Comme en France au moment de l’élection présidentielle, il y a en Allemagne les « grands » et les « petits » candidats. Angela Merkel a accepté un seul débat avec Martin Schulz, le prétendant social-démocrate à la chancellerie, mais a refusé de dialoguer à la télévision avec les représentants des « petits » partis, ceux qui dans les sondages sont crédités de moins de 10% des intentions de vote. Son propre parti, la CDU-CSU, fait la course en tête avec près de 40%, suivi par le SPD (25%).
Le duel Merkel-Schulz, le dimanche 3 septembre, n’a pas fait bouger les lignes. Comme l’a titré la Frankfurter Allgemeine Zeitung, « Schulz a marqué des points. Merkel a gagné ». Faute d’être admis dans la cour des « grands », les « petits » ont discuté entre eux le lendemain. Leur débat a été plus vif et finalement plus intéressant. C’est que pour eux l’enjeu n’est pas mince. La gauche radicale, Die Linke, et l’extrême-droite – Alternative für Deutschland (AfD) – se battent pour la troisième place et pour le soutien des électeurs protestataires, notamment dans les Länder de l’est. Les libéraux, chassés du Bundestag en 2013, veulent revenir au Parlement et… au gouvernement. Bien qu’affaiblis, les Verts se verraient bien dans une coalition, y compris avec la démocratie-chrétienne.

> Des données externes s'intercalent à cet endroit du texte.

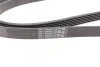 Ремень генератора MB W211 CONTITECH Contitech 6PK2241 (фото 3)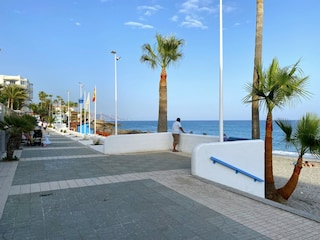 Apartment Nerja Außenaufnahme 9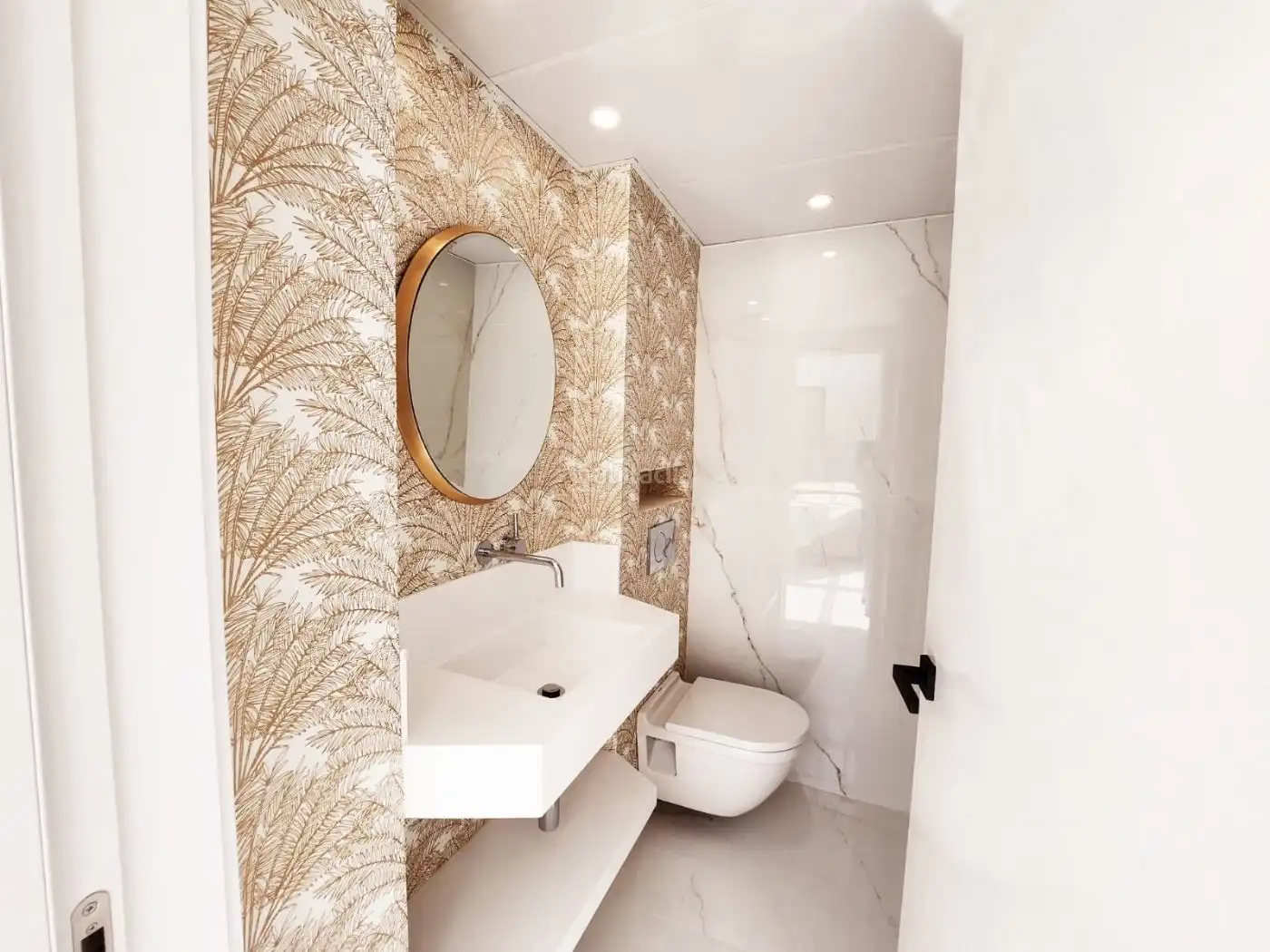 Attique avec ascenseur à vendre à Carrer de s'Espardell 3, imagen 7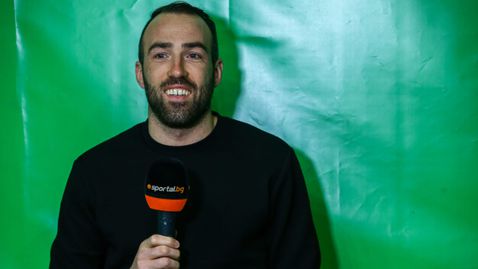 Sportal.bg разкрива: 40 неща, които не знаете за Асен Великов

Si Angela Merkel et Martin Schulz ont eu un échange courtois qui n’empêcherait pas le cas échéant la reconduction de la grande coalition, les libéraux et/ou les écologistes espèrent être la force d’appoint d’une nouvelle configuration politique. C’est pourquoi l’intérêt du scrutin du 24 septembre réside moins dans le score des grands partis que dans l’ordre d’arrivée des « petits ». Le terrain politique est déblayé aussi bien pour un gouvernement « bourgeois » entre la CDU- CSU et les libéraux que pour une alliance « noire-verte » (démocrates-chrétiens/écologistes), voire une coalition « jamaïcaine » (noire, jaune, verte).

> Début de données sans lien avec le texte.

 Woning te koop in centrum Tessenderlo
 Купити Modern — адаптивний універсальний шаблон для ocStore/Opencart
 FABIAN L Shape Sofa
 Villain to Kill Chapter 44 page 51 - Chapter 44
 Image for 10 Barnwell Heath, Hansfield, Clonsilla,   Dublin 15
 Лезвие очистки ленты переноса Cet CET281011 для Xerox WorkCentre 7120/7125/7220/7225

Le quotidien de Munich, Süddeutsche Zeitung (centre gauche), a raison d’affirmer que « la bataille électorale commencera le 25 septembre », soit au lendemain des élections. Ce sera le début des tractations pour la formation du gouvernement, en fonction de l’arithmétique parlementaire. En Allemagne ces négociations durent en général plusieurs mois car il s’agit pour les partenaires de la future coalition de passer un accord exhaustif sur les politiques qui seront menées pendant les quatre prochaines années.
Tout laisse à penser qu’Angela Merkel dirigera le prochain gouvernement mais la composition de celui-ci est la grande inconnue des semaines à venir. Elle pourrait réserver des surprises, être l’occasion de constellations originales qui influeront sur l’orientation de l’Allemagne, y compris dans sa politique européenne.

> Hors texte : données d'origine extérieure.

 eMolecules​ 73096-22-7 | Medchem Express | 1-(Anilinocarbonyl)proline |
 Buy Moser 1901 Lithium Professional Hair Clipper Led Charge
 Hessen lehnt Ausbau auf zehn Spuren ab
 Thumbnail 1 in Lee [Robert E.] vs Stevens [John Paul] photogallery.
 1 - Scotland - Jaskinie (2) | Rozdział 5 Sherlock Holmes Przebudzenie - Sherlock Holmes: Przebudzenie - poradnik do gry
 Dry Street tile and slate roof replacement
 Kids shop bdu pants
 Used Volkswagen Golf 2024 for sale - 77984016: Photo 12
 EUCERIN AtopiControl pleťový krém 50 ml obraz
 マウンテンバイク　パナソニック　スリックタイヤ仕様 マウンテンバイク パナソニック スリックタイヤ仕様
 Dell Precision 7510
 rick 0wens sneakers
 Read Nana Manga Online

La chancelière a été suffisamment vague sur la plupart des sujets pour se ménager plusieurs portes de sortie. Elle est aussi capable de prendre des décisions inattendues (sortie du nucléaire en 2011, accueil des réfugiés en 2015, etc.). A propos d’une relance de l’Europe, elle a fait des petits pas en direction des propositions d’Emmanuel Macron tout en restant prudente afin de ne pas effrayer ses électeurs. Ils craignent par-dessus tout que l’Allemagne paie pour les autres. Parmi les principaux partis, le consensus est pro-européen. Les europhobes sont réduits à la portion congrue. C’est une différence d’avec la France.